**Action item:**
Search the material below for the string "with" and copy each line where it appears.

**Task input:**
- Opening Delimiter -
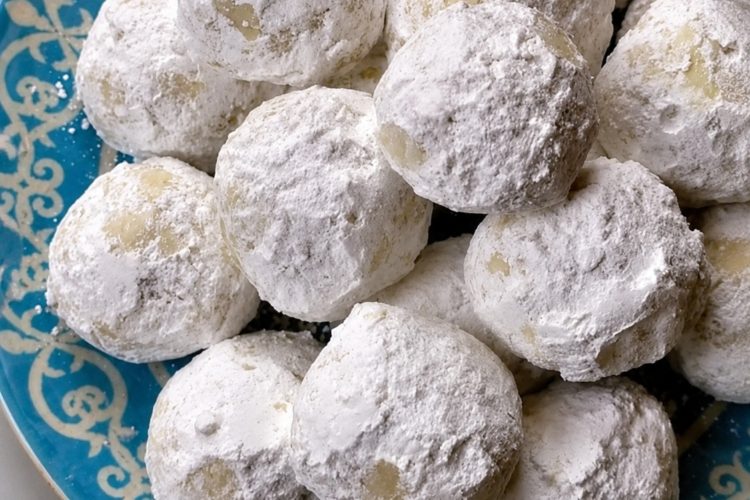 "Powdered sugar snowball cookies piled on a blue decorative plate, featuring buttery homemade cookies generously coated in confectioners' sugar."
- Closing Delimiter -
- Opening Delimiter -
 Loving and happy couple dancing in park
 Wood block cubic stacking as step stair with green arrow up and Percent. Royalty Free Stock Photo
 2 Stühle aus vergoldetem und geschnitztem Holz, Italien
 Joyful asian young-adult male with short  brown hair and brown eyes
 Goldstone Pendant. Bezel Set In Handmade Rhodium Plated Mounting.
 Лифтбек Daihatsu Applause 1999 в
- Closing Delimiter -
**Task answer:**
 Wood block cubic stacking as step stair with green arrow up and Percent. Royalty Free Stock Photo
 Joyful asian young-adult male with short  brown hair and brown eyes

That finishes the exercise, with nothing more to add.